According to The Cook Political Report, Thursday’s passage of the American Health Care Act by the House of Representatives made the 2018 midterm elections much more interesting. The site made changes to twenty key congressional races in their Cook Partisan Voting Index, which shows how Republican or Democratic a district may lean.
The report points to the massively unpopular GOP health plan as the impetus for the change in their index. In March, a Quinnipiac poll showed that just 17 percent of American voters approved of the Republican plan. It is also worth noting that, “[o]f the 23 Republicans sitting in districts won by Hillary Clinton in 2016, 14 voted for the repeal and replace measure.” Voting for an unpopular piece of legislation in a district that voted for a Democratic presidential candidate is a substantial political risk.
The report moves three races from “Leaning Republican” to “Toss Ups,” setting up potential 2018 showdowns in California, Colorado, and Minnesota. Colorado’s 6th District race is particularly interesting, as Representative Mike Coffman voted against the AHCA, but “guilt-by-association” and his waffling on the subject could still hurt him.
A further eleven districts saw their rating decrease from “Likely Republican” to “Leaning Republican.” In addition to three districts, two key races in Texas may become more competitive. Rep. Pete Sessions, who represents North Dallas, saw his district go for Hillary Clinton in 2016. Now Colin Allred, a college football star, as well as Ed Meier, a key Clinton supporter, have lined up to run against Sessions. You may remember that Rep. Sessions recently introduced legislation carrying the eye-rolling title: “World’s Greatest Healthcare Plan of 2017.”
Six other races have shifted from “Solid Republican” to “Likely Republican.” While these races are unlikely to see blue candidates win in 2018, there are strong signals that the races will be more competitive than they have been in the past.

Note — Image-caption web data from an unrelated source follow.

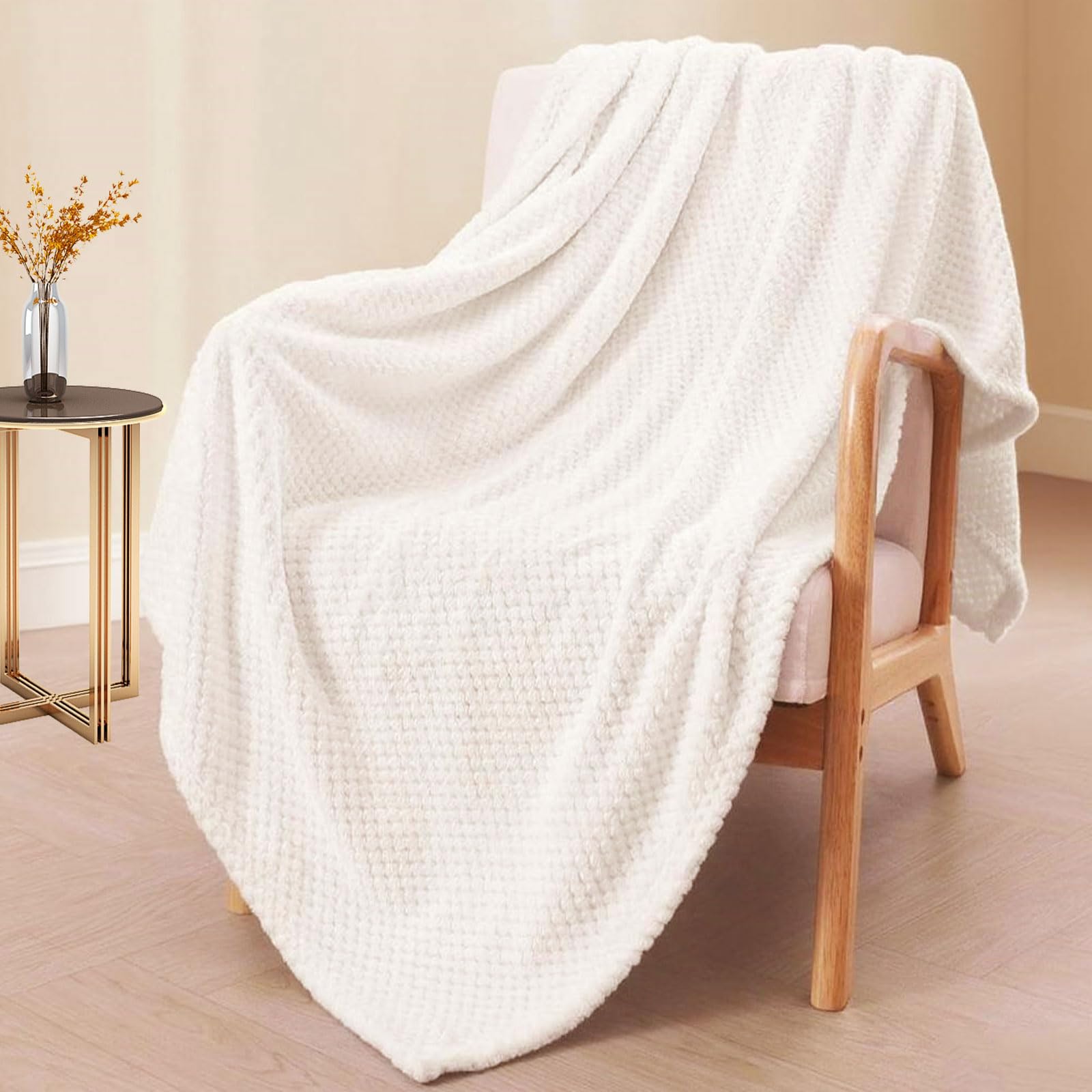 Decke Kuscheldecke Flauschig 200 x 290 cm für 4 Jahreszeiten, Weich Warm Leicht Kuscheldecke - Flauschig Decke für Sofa, Couch Und Bett, Weiß
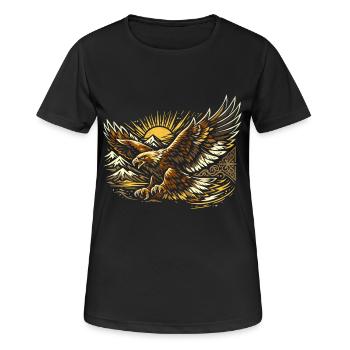 Majestueux aigle royal kazakh - T-shirt respirant Femme - noir - Devant - AI Model Female 172 light (172cm)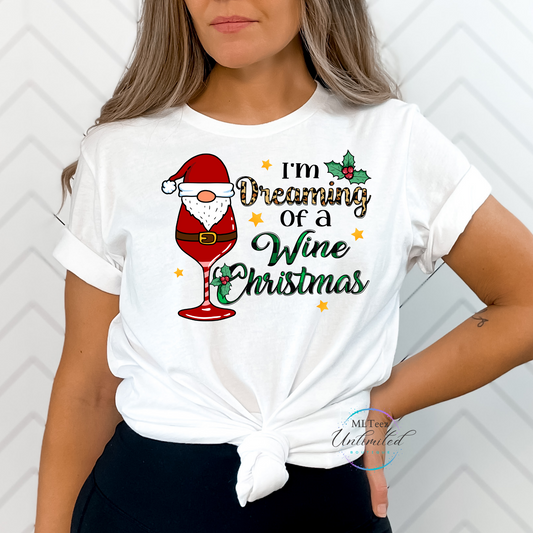 I'm Dreaming of a Wine Christmas DTF Direct To Film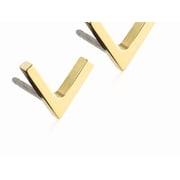 Blomdahl | Hypoallergenic | Golden Titanium 8mm Plain V Stud Earrings | Best Choice For Sensitive Ears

In that group, it will be interesting to keep an eye on New Jersey’s 3rd District Representative Tom MacArthur. MacArthur is a former insurance executive that was a key figure in reshaping the Republican bill to gain enough support to pass. He largely ran without substantive competition in his two previous races, using his considerable wealth to fund successful campaigns.
However, The Cook Political Report says that fresh competition could come from “Rhodes Scholar Andy Kim, who served as an ISIS expert in the Obama White House [and] is moving back to Burlington County to run.” On his Crowdpac fundraising page, Kim took MacArthur to task:
“Our country is led by billionaires and millionaires like Tom MacArthur who are out of touch with the struggles that Americans face to pay their bills and provide for their families.”
While Kim is certainly a strong candidate, The Cook Report says that political outsiders may drive Democratic campaigns, like they did for Republicans after the passage of the Affordable Care Act:
“Democrats aren’t so much recruiting candidates as they are overwhelmed by a deluge of eager newcomers, including doctors and veterans in traditionally red seats who have no political record for the GOP to attack – almost a mirror image of 2010.”
Though, Democrats should hold off on celebrating with “Na Na Hey Hey Kiss Him Good Bye,” like their elected officials did on the House floor Thursday. Eighteen months is a political eternity. It appears that the Republican strategy is to take up their most unpopular legislative actions early, with the hope that they can distance themselves from criticism by the time voters head to the polls. But, The Cook Political Report warns that if the bill finds itself heavily challenged in the Senate, time may no longer be on the GOP’s side:
“These Republicans can’t afford a year-long Senate slog.”
The report also goes on to offer an interesting piece of advice to Democrats that are looking to capitalize off of the GOP’s political gamble:
“The irony is that Democrats’ temptation to refer to the GOP’s bill ‘Trumpcare’ may actually raise the popularity of the legislation. Trump’s job approval, though low, is still almost double the public support for repealing and replacing some of the ACA’s most popular provisions. And Democrats will need to go beyond lecturing voters about the bill’s ‘morally bankruptcy’ – their candidates will need to convince independent voters how hard the bill could hit their pocketbooks.”
For the Democratic party, which is still reeling from the November 2016 elections, the Republicans have gift-wrapped a political power-up. The American Health Care Act is incredibly unpopular and the 217 House Republicans that voted for it will face certain political repercussions. The Democrats have the perfect opportunity to gain the favor of millions of Americans that will be hurt by the Republican plan. Let’s just hope they move on from attacking Comey and instead focus on defeating the GOP.